Recorded information:
▶

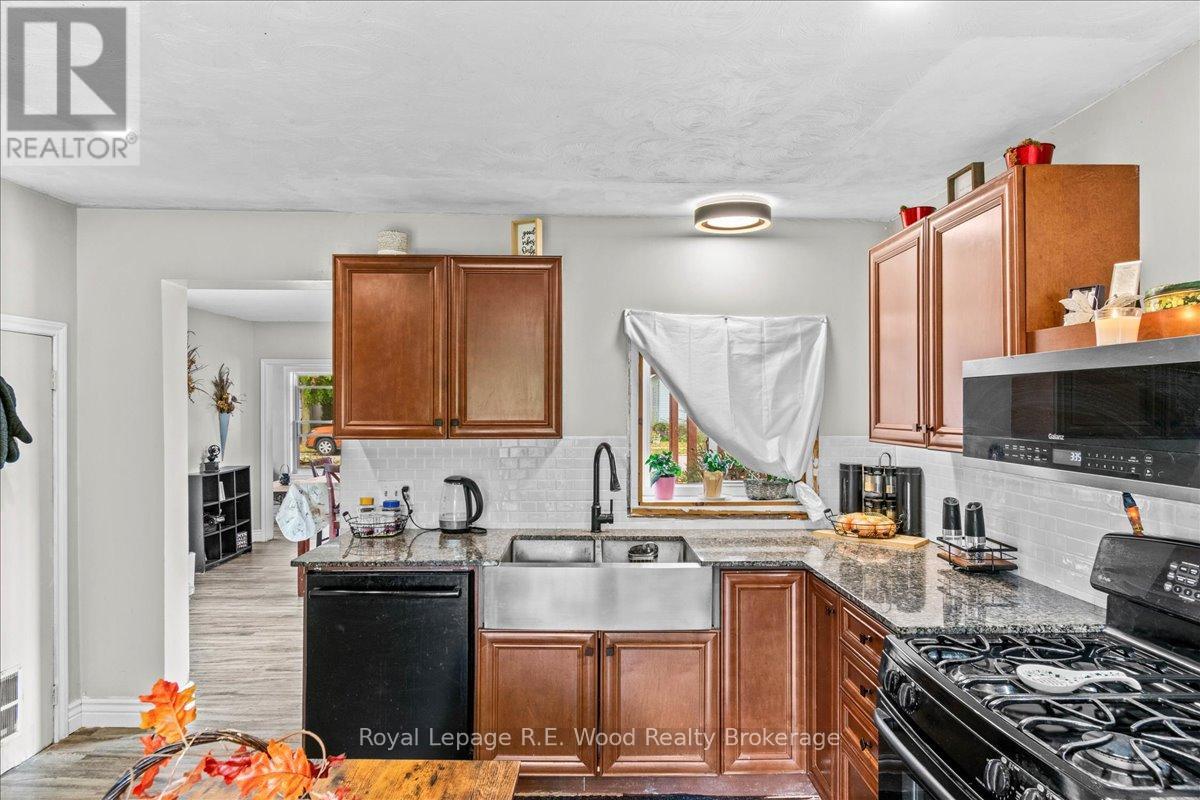 33 John Street, Norwich, Ontario  N0J 1P0 - Photo 12 - X12481810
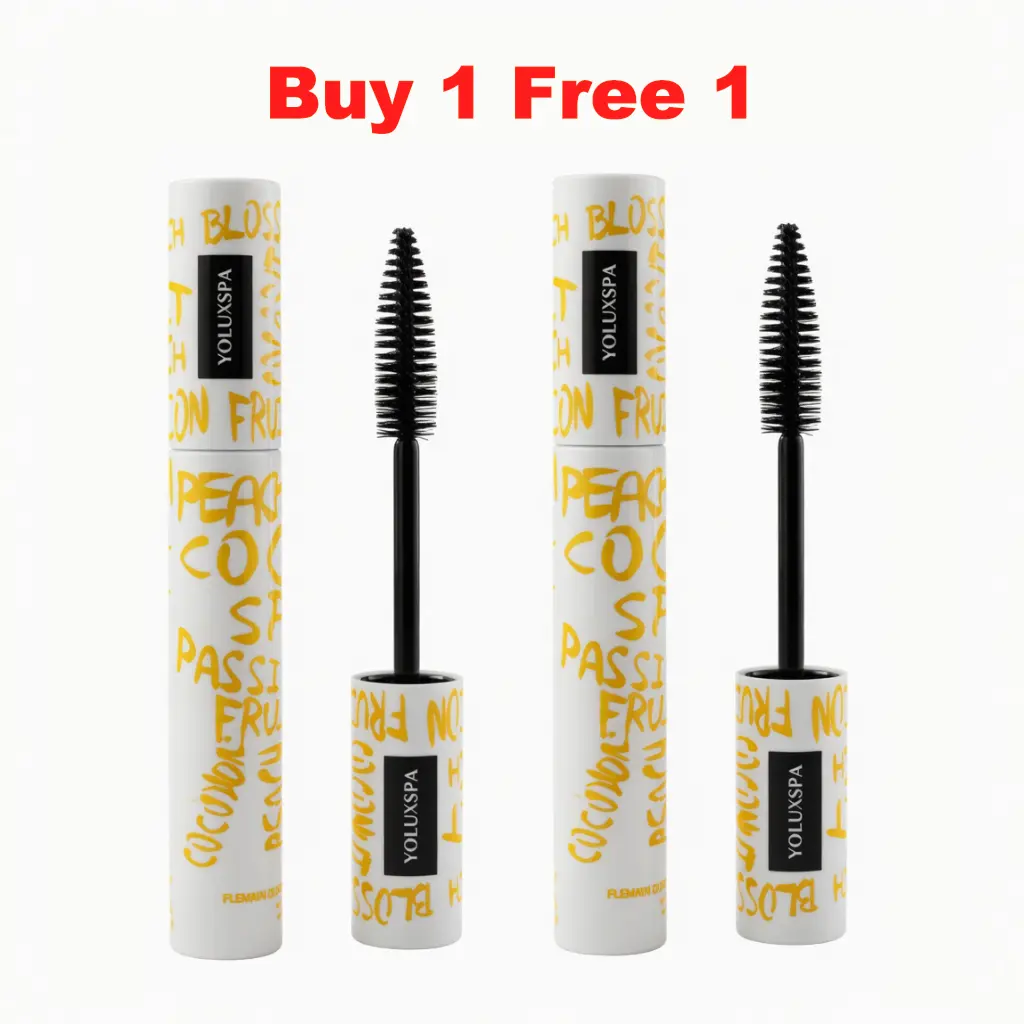 YOLUXSPA Frizz and Flyaway Lightweight Gel Hair Taming Wand, Hair Taming Stick Anti-Frizz Bangs & Control 24H Long-Lasting Hold Daily Styling Essential Hair Care Must-Have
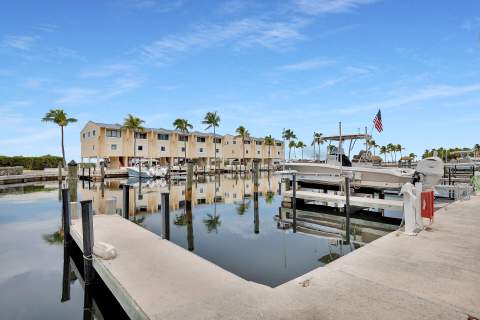 88540 Overseas Highway #716, Plantation Key FL - photo 8 of 56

◀

What you are asked to do: Omit every picture while printing the data word for word.

Result:
 33 John Street, Norwich, Ontario  N0J 1P0 - Photo 12 - X12481810
 YOLUXSPA Frizz and Flyaway Lightweight Gel Hair Taming Wand, Hair Taming Stick Anti-Frizz Bangs & Control 24H Long-Lasting Hold Daily Styling Essential Hair Care Must-Have
 88540 Overseas Highway #716, Plantation Key FL - photo 8 of 56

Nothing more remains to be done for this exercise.